The report started with the statement that the average income of the top 5% of households is the largest among large cities in the U.S. I really don’t care for comparisons that deal with just the raw numbers as the level of income in any local area is very much dependent on the cost of living in that area. The areas like the District of Columbia and San Francisco have higher costs of living numbers. Thus the average income for any group would be expected to be higher in those areas. To compare the various geographic areas adjustments for those differences are needed. That is why many economists rely on the measures like the Gini Index to measure income inequality.
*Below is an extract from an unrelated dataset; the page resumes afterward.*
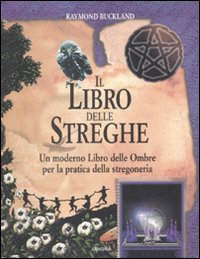 Libro libro delle streghe. Un moderno libro delle ombre per la pratica della stregoneria di Raymond Buckland - ean 9788834416037 - Armenia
In comparing the various metropolitan areas the D.C Fiscal Policy Institute used their own measure of the income gap. They choose the ratio of the average income of the top 5% to the average income of the bottom 20%. They certainly have the right to choose whatever measure they wish to use. But a multitude of differencing measures, to me at least, creates confusion. There already exists a similar measure to theirs. It is the Palma Index of income inequality. That measure is calculated as the average income of the top 10% to the average income of the bottom 40%. Why not stick with that measure? I suspect because the D.C. Fiscal Policy Institute makes the level of inequality appear worst.
Given that he Palma measure is already in place I don’t see the value of new and essentially similar measure. I do not know of a single measure the captures the true picture of the level of income inequality for comparative purposes. I did come across another interesting piece comparing the Palma Index to the Gini Index. That post was in response to comments about the author’s paper on the Palma Index. Both of the post and the paper are a year old. To my reading the post shows that both the Palma and the Gini have serious shortcomings.
Significant income inequality is real. Measuring it and how it changes is still a work in progress.